Gowkaran Roopnarine

Personal information
- Born: 24 February 1982 (age 43) Guyana
- Batting: Left-handed
- Role: Wicket-keeper

Career statistics
| Competition | List A | Twenty20 |
| Matches | 7 | 1 |
| Runs scored | 173 | 2 |
| Batting average | 28.83 | 2.00 |
| 100s/50s | 0/2 | 0/0 |
| Top score | 98 | 2 |
| Catches/stumpings | 2/– | 0/– |
- Source: CricketArchive, 2 November 2025

= Gowkaran Roopnarine =

Guyana-born American cricketer (born 1982)

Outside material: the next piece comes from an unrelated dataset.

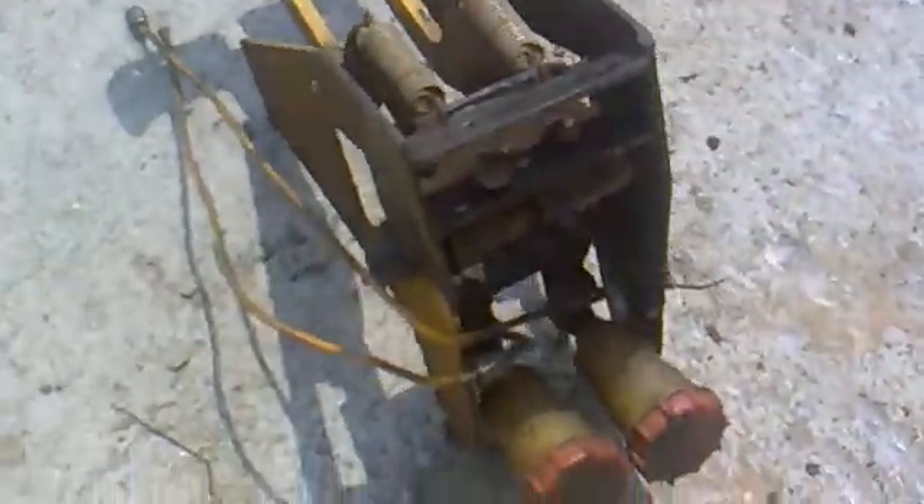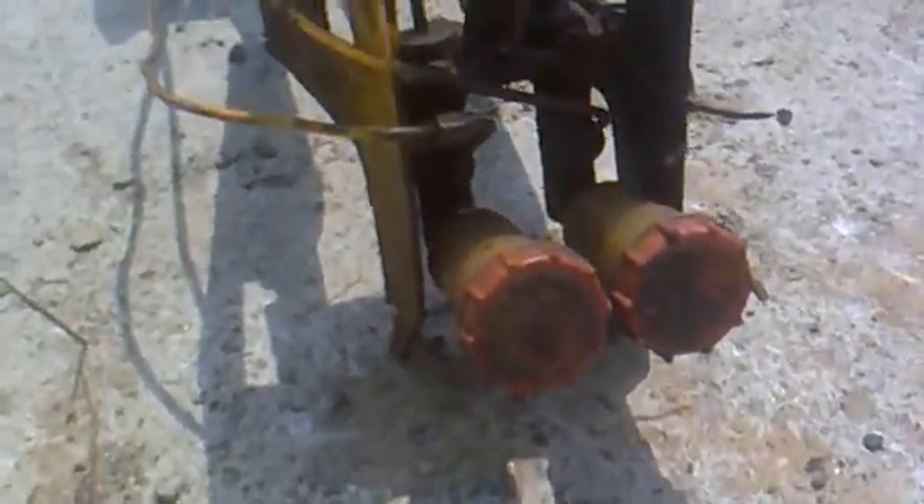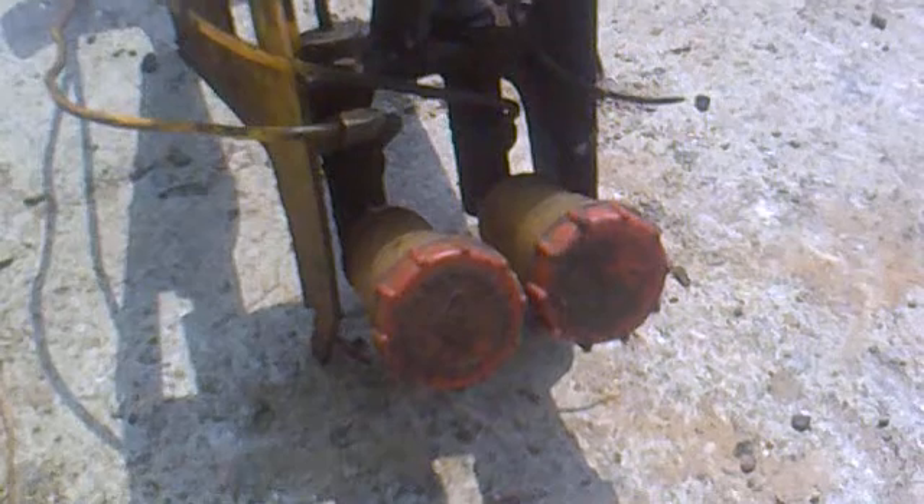The brake pedal is linked with a spring over here. This is a hydraulic braking system, so it employs two master cylinders. Here you can see one master cylinder, and here is another master cylinder. We also have two reservoirs which store the oil.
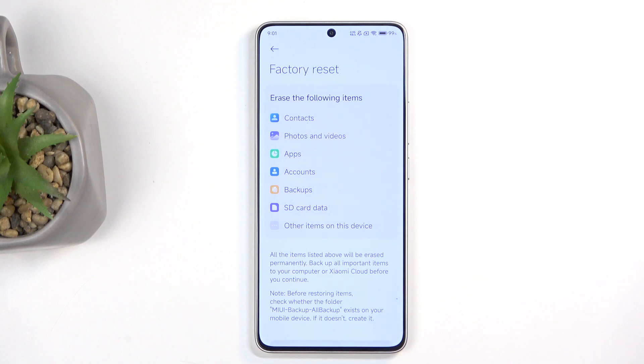When you click on it, it presents you with a list of data that will be removed by this process, which importantly includes things like music, photos, and user data. And there are things listed here that don't really matter, like SD card data.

Gowkaran Roopnarine (born 24 February 1982) is a Guyana born American cricketer. A left-handed batsman and wicket-keeper, he has played for the United States national cricket team since 2005, including seven List A matches.

==Biography==

Born in Guyana in 1982, Gowkaran Roopnarine first played for the US in the 2005 ICC Trophy. After playing in a warm-up match against Namibia, he played four matches in the tournament proper, scoring 98 in the ninth place play-off against Oman, his highest List A score.

He played in the following years ICC Americas Championship in Ontario, and most recently represented his country in Division Five of the World Cricket League in Jersey.